Left home in PA with my car and dolly to pick up a 1998 e350 corbeil srw in Erwin North Carolina. Found it on Craigslist. The owner sent me pictures of the rust situation and after a couple of days we made the decision to drive out and take it unless something was seriously wrong.
Left at 6PM. We have a station wagon and I was able to get a bed in there.
Drove 2 Hrs, napped 2 hrs, drove again 4H, napped again. Arrived the next day around 11 in Erwin, NC. Bus looked good but after more careful inspection showed a big rust hole under the drivers feet. The body and frame at the body mounts was all good so I figured it would only take some sheet metal to make it like new. Could not find other rust worth mentioning for a 17 yr old vehicle. Chassis looked perfect, Corbeil must have used galvanized steel, not even the seat bolts were rusted.
I had made a bumper hitch and bracket to reinforce the bumper.

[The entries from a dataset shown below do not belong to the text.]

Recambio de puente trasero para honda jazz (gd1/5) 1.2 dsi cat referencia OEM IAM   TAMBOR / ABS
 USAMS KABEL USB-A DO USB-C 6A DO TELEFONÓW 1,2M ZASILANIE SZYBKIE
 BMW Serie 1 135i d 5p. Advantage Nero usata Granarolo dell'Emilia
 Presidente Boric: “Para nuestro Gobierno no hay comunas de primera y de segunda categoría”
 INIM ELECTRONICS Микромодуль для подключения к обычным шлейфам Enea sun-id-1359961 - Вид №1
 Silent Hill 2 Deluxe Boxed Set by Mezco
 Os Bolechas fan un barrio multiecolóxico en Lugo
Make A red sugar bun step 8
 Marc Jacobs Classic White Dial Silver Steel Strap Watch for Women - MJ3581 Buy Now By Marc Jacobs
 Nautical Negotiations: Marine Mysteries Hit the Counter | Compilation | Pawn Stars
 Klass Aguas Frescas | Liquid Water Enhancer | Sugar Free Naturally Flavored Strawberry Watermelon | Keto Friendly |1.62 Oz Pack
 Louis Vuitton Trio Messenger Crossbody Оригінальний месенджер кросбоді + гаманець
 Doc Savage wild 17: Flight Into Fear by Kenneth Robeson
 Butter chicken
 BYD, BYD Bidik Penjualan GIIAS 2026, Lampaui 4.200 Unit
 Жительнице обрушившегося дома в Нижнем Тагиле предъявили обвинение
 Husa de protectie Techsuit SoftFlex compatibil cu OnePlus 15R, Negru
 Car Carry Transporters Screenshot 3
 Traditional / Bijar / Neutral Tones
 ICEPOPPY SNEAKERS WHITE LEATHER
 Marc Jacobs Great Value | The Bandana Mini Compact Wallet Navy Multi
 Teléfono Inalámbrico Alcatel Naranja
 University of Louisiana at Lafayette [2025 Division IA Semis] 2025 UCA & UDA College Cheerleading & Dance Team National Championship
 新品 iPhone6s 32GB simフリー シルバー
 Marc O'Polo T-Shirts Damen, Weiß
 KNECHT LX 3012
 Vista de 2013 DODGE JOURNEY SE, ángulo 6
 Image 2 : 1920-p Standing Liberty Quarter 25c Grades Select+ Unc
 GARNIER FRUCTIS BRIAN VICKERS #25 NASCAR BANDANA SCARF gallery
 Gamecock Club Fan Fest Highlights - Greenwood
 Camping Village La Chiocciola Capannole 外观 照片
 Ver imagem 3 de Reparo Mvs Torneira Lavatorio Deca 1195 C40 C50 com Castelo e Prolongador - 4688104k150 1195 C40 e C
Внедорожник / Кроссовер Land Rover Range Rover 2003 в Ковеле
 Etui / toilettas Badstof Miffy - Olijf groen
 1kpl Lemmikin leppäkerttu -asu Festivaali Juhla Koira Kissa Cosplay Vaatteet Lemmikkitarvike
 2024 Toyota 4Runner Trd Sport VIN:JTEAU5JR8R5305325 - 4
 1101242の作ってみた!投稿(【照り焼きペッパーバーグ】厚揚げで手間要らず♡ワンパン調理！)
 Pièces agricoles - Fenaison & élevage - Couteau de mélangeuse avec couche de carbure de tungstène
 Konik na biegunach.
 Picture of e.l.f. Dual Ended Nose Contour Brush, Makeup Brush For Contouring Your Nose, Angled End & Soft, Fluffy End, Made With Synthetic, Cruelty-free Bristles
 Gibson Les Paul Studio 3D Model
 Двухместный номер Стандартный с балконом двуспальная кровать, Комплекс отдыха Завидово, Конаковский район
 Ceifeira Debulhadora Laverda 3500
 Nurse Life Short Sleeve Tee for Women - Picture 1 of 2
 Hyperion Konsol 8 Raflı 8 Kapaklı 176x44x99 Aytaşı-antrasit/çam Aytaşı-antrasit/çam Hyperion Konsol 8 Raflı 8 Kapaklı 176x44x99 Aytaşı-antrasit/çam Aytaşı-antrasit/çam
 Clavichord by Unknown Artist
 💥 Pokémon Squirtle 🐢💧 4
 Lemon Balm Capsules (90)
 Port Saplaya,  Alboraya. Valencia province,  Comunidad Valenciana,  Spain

Installed that, connected the wiring and settled the financial business. The owner was a real nice to guy to deal with even had some bones for my dog. Used some yellow duct tape to modify school bus and cool bus to fend the cops off and removed the guard at the front bumper. Did not want to cut the wires from the lights in the stop sign and let it be. Driving most of it by night anyhow
My mercedes 300td had gotten 25 mpg with the dolly. I was curious what the powerstroke would get hauling it all back.
Left around 4PM and stopped at a rest area 1 hr later to catch up on sleep.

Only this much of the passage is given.